I got the vehicle moving forward in the direction of the lodge (and, of course, our dinner) and, as long as I kept up some good momentum, I was able to get us to the lodge safely. Pulling into the parking area I almost forgot we had no reverse, but was reminded by Steve and pulled us around so we were pointing forward without obstruction when it was time to leave. Our dinner was delicious and we spent several hours on the veranda enjoying everyone’s company. When it was time to leave, we all headed to the car and prepared ourselves for the interesting ride home with only two gears. There was a bit of a steep part of the driveway, though, as we were leaving and I was unable to get Turtle up it even in third-gear low, possibly because he the engine wasn’t warm. Backing down was a bit of treat considering I had no reverse lights (since I had no reverse gear) and I needed to have someone get out and direct me as the driveway was quite curvy at the spot where we were.

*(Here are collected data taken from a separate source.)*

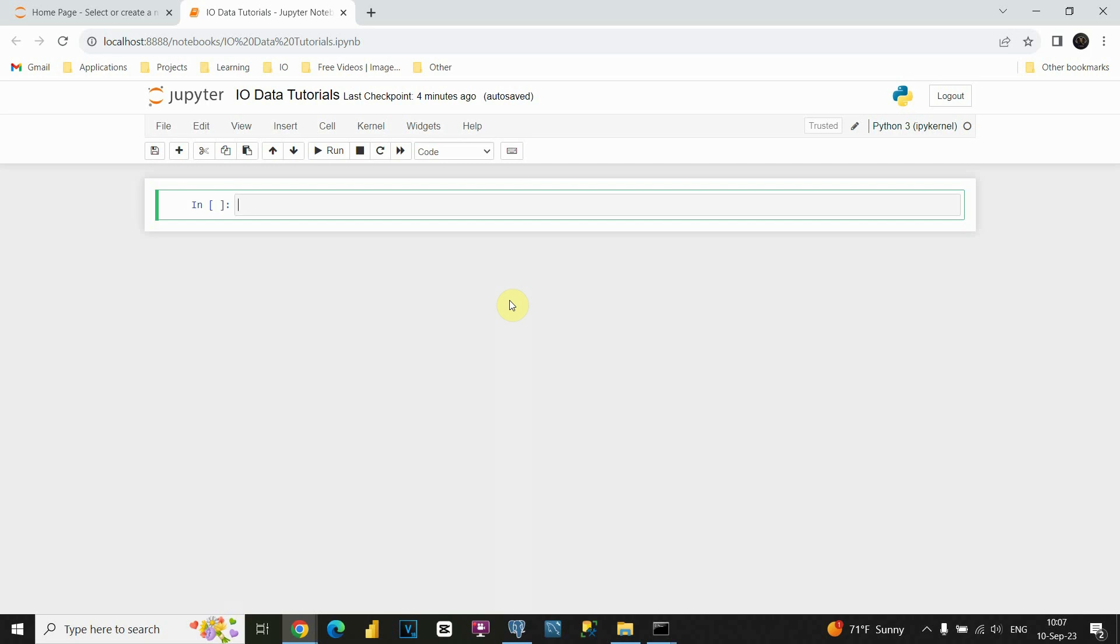Welcome to this tutorial. In this video I am going to show you how to read data from SQL Database using Python. For SQL Database Management System we will be using Postgres. So let's see how can we do that.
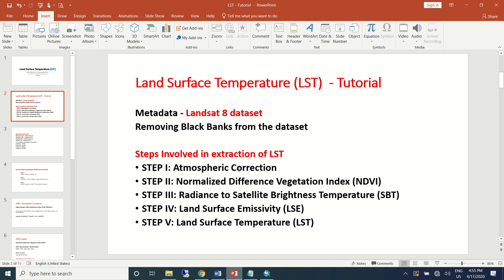Which includes atmospheric correction of the layer, and then we'll try to quantify normalized difference vegetation index (NDVI), radiance to satellite brightness temperature (BT), and the land surface emissivity index for the dataset. All these three indices will help in quantifying the land surface temperature that we will see in the upcoming tutorial.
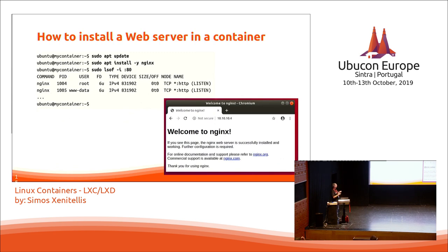Once inside the container, we can use apt update, install some software — and in this task we will be installing Nginx. Let's do that.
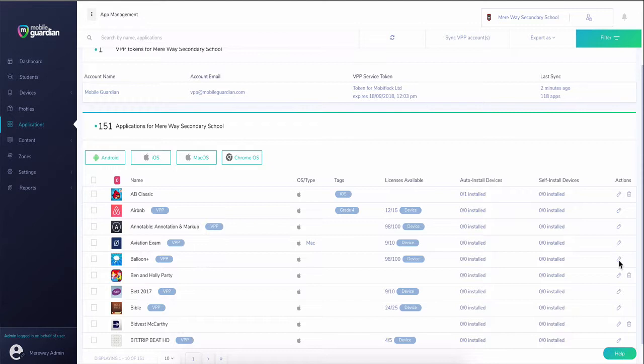By delegating the installation of pre-approved applications, you can configure a bespoke app store for your devices.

I tried two runs up the hill, but was unable to make it each time and so finally, everyone got out of the vehicle to help push it over the hump. We tried again once, but were unable to make it up in which case, I backed down the steep grade again for a final go. This time, I really revved the engine and made a mad dash up the hill noticing some wheel spin as I did and surely hoping that no one was hit with any of the stones that I heard striking our underside. I kept my foot on the gas until we arrived at the top of the small hill and then waited for everyone to load back into the vehicle. Steve was one of the last and I found out that he had been hit by some of the stones, but said that he was mostly uninjured which I was pretty thankful for. Once moving, I drove most of the way using only third gear, but if needed I could easily shift into low and then have a whole ton of traction to get us moving on the incline if needed. We dropped Peter off near Happy Day and then drove up the FAME road and to our house, the entire time trying not to really stop for anything if we could help it.
The fundi would be coming in the morning to fix Turtle and I now had a new problem to tell him about and that he could hopefully weld back the shift lever for us. It was a lovely night out even with the vehicle dilemma and it made for more interesting stories in the future. Once again, we all just kept saying, “TIA,” and this time really meant it.